▶ **Assignment**:
Nothing beyond the line containing "Дзеркало на стіну" should be printed; print each line exactly from the first line of the listing below through it.

*** Records for this task Section Begins ***

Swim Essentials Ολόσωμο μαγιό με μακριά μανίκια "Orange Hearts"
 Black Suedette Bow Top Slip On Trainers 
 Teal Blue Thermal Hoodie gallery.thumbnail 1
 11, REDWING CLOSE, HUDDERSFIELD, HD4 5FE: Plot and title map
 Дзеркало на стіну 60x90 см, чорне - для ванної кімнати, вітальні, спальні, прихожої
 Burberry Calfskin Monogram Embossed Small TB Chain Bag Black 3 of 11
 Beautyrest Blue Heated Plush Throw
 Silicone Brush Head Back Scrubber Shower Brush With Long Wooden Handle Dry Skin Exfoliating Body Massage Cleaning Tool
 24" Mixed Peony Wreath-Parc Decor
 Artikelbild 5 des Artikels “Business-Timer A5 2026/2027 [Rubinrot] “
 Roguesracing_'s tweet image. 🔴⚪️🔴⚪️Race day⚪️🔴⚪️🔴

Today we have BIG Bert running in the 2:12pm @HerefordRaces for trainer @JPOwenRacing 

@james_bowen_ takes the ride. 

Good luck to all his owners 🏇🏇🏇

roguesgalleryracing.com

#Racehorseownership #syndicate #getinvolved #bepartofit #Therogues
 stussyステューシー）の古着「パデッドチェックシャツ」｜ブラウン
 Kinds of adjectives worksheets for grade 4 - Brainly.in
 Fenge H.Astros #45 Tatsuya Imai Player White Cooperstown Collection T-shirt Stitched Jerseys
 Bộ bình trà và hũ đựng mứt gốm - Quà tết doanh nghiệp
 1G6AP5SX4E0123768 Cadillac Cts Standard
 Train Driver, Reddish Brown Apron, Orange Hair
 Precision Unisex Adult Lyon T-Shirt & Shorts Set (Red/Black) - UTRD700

*** Records for this task Section Ends ***

▶ **Solution**:
Swim Essentials Ολόσωμο μαγιό με μακριά μανίκια "Orange Hearts"
 Black Suedette Bow Top Slip On Trainers 
 Teal Blue Thermal Hoodie gallery.thumbnail 1
 11, REDWING CLOSE, HUDDERSFIELD, HD4 5FE: Plot and title map
 Дзеркало на стіну 60x90 см, чорне - для ванної кімнати, вітальні, спальні, прихожої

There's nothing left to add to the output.